Analysten zufolge werden die Börsenturbulenzen der vergangenen Wochen zu einer Konsolidierung des Internet-Marktes führen. Übernahmen, vor allem kleinerer hochtechnologisierter Firmen stehen auf der Tagesordnung. Kaufinteressenten sind neben diversen Online-Riesen wie Yahoo oder AOL auch traditionelle Handelshäuser.

90 Prozent der börsenotierten Internet-Unternehmen mussten zuletzt schwere Rückschläge hinnehmen. America Online hat seit seinem letzten 52-Monats-Hoch 36 Prozent verloren, eBay 42 Prozent und Yahoo sogar 50 Prozent. Wirklich drastisch war der Absturz aber für viele kleinere Online-Unternehmen, die jetzt zu einem echten Leckerbissen werden.

"Die Konsolidierung ist eine vorprogrammierte Entwicklung am Internet-Sektor", sagt Jordan Rohan, Internet-Analyst bei Wit Capital. "Große Unternehmen werden kleinere schlucken. Vor allem auch traditionelle Handelsfirmen, die bis dato nicht so aktiv im Internet waren, werden sich für Online-Händler interessieren, von denen sie das nötige technische Wissen und Internet-Know-how bekommen können."

Besonders im Online-Retailing schmälert der scharfe Wettbewerb die Gewinnspannen zunehmend, verdient werden kann nur mehr über die Masse. "Der Druck auf die Gewinnmargen führt sicherlich zu Fusionen und Übernahmen", erläutert auch Merger-&-Acquisition-Expertin Alexandra Reed Lajoux.

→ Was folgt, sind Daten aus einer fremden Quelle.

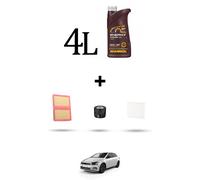 HOFFCAR Kit tagliando 3 FILTRI e 4L OLIO per Vw Polo VI (AW) 1.0 TGI 66kw Dal 20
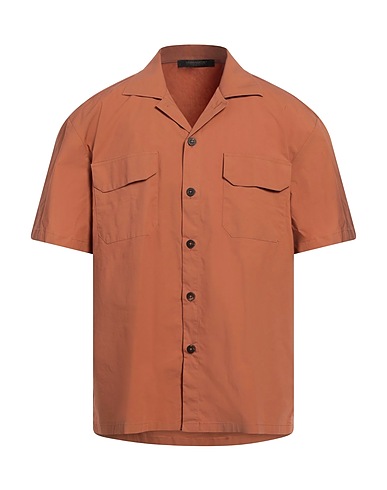 MESSAGERIE Solid color shirt Tan 97% Cotton, 3% Elastane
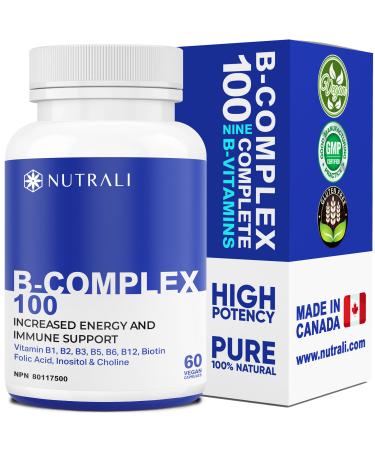 NEW B-COMPLEX 100 High Potency Capsules 9 Complete B Vitamins - B1 B2 B3 B5 B6 B7 B9 B10 B12 for Men and Women Reduced Stress Improved Immune Support Hair Skin Nail & Eye Health and Brain Function Gluten Free Non-GMO Vegan - (1 Pack) 60 Capsules 60 count 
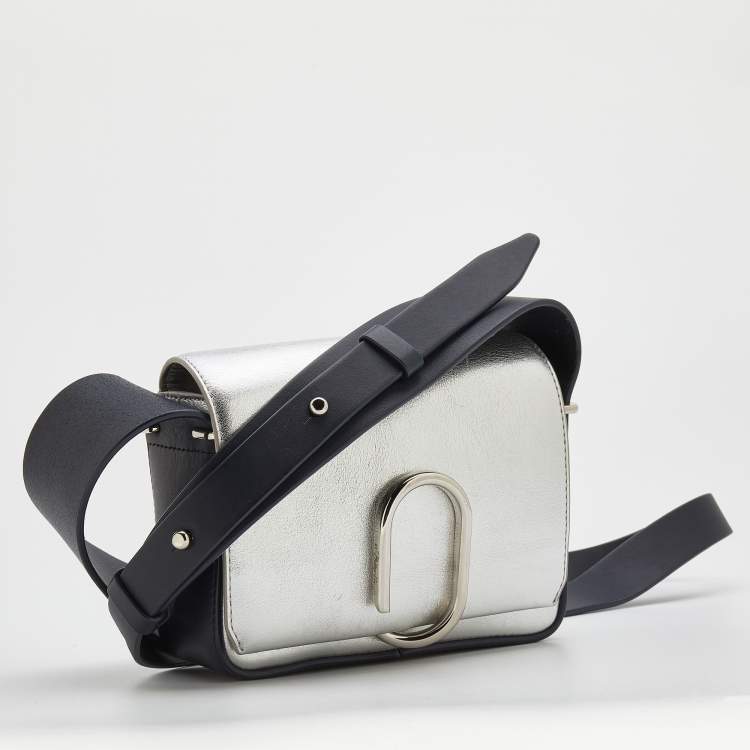 مملوكة مسبقًا 3.1 Phillip Lim Silver/Dark Blue Leather Mini Alix Flap Crossbody Bag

"Vor allem kleine Unternehmen, deren Börsenkurse unter den letzten Turbulenzen sehr gelitten haben, sollten jetzt zu einem angemessenen Preis verkaufen. Ich fürchte allerdings, dass die CEOs dieser Unternehmen das noch nicht wollen und erst weitere Verluste werden einstecken müssen, bevor sie erkennen, dass sie nicht zu Traumpreisen übernommen werden können."

Neben Internet-Händlern zählen auch Online-Broker zu den begehrtesten Kaufobjekten. Bei der Übernahme von Online-Unternehmen wird es vor allem auf technische Infrastruktur, spezielles Internet-Wissen und den Kundenstock ankommen. Die Marke, die in den meisten Fällen noch relativ jung ist, wird da weniger zählen.

Yahoo hat schon angekündigt, weitere Übernahmen durchzuführen. "Wir sitzen derzeit auf einer Milliarde USD Cash", sagt Yahoo-CEO Timothy Koogle. "In erster Linie sind wir an kleineren Unternehmen mit einer starken Technologie interessiert."

Schon in den vergangenen Jahren hat Yahoo hauptsächlich kleinere Deals abgewickelt - mit einigen Aufsehen erregenden Ausnahmen wie der Übernahme von Broadcast.com und Geocities.

"Das Yahoo-Management hat schon mehrmals bewiesen, dass es auch bereit ist, in Märkte zu investieren, in denen eine Marktführerschaft kaum mehr möglich ist. Insofern würde es mich nicht wundern, wenn Yahoo noch immer an einer eBay-Übernahme interessiert wäre", sagt Wit-Capital-Analyst Rohan.